The biblical reference has been interpreted by some as a demand to authorities to rescue the establishment.
The level of neglect has been such that since the hotel shut down, the hotel’s electric sign has not been removed, not even during hurricanes.
The square sign with the illustration of a bed on it is still nailed to a post in front of the building. This has caused confusion among visitors who knock on the hotel’s door. When nobody answers them, they ask the neighbors, who then inform them that the hotel is closed.
The building and the beer distributing company belonged to José A. Patallo Cerviño, whose first last name –Patallo- was the name of the hotel. In 1959, the hotel was confiscated and renamed “Praga”. That moment is described as the beginning of the end.
Another hotel that is victim of the same government neglect is the Libertad, a centric hotel located on the area of the. Boulevard that lies between Martí and Luz y Caballero streets.
The deterioration of the building for lack of maintenance and repairs prevented it from continuing to provide lodging and gastronomical services.
A wire is tied to a chain that closes the front door, and is the unmistakable indication that the hotel is closed and abandoned.
The hotel suffered problems with the carpentry, the electrical system, as well as the hydro-sanitary installations. “We began by closing down some of the guest rooms, but the time came when all guest rooms had problems and we had to close down the hotel,” states Laura, a former hotel employee, to CubaNet.
The Libertad was included in the maintenance and repairs plan for 2014, but in the end, nothing was done. “We were told in a meeting that year that the budget was already approved. However, the months passed and nothing came of it,” adds Laura.

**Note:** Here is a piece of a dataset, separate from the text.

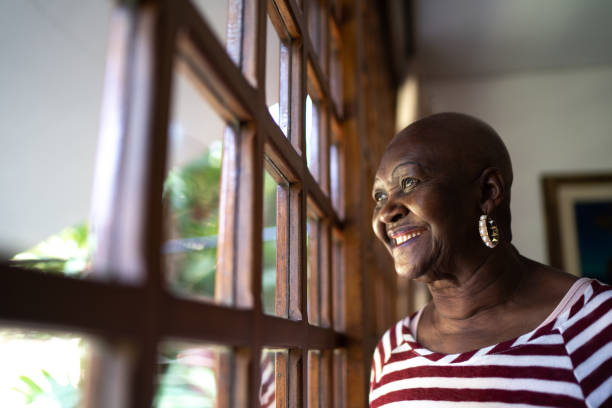 istock Senior woman contemplating, looking through the window 1265613661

The hotel was closed and most of its employees were re-assigned to less-paying positions. “People were very upset. Almost all of them asked to be laid off, looking for better salaries. I started doing business on the street, and I am still doing it because I have not found employment in any hotel,” she states.
A few blocks down, the same thing is happening with the Los Ángeles Hotel, located on Frexes Street, between Maceo and Mártires.

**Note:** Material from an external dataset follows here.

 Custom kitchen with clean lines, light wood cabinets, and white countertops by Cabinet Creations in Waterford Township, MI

Filth and deterioration were the reason for its closing in 2012. After performing some superficial repairs, they reopened it in mid 2013. But a few months later, it closed for good due to its increasing deterioration.
Back then, Carmen Wisimian was the general secretary of the workers’ union in the hotel. “I remember that she informed the government in letters she addressed to officials, to the Central Labor Union (CTC, by its Spanish acronym), to the sector director, and to the Municipal Gastronomical Company, to no avail,” states a former employee on condition of anonymity for fear of reprisals, to CubaNet.
In downtown Holguín, only the Turquino Hotel and the Saratoga Hotel are operational. The first one has no available vacancies. The second one, which charges 4,530 Cuban pesos per night and includes only breakfast, is unaffordable for the majority of Cubans whose maximum basic salary is less than 10,000 Cuban pesos per month.
The Majestic Hotel is reserved for nurses who are training to fulfill medical missions outside Cuba. The Santiago Hotel, the Caballeriza Hotel and the Esmeralda Hotel are closed for repairs.
“I graduated from the Hotel and Tourism School in Holguín, but I have been working in unrelated jobs for a long time because there are no jobs in the field I studied; it’s the same with many of my colleagues,” states a young man who identified himself as Luis.
He blames his poor luck on state mismanagement. “The government is responsible for the closing of hotels in this town. It gave them no maintenance and allowed them to deteriorate, and now we and the people who live here have to pay for their ineptitude. If the hotels were managed by private owners, this would not have happened,” states Luis.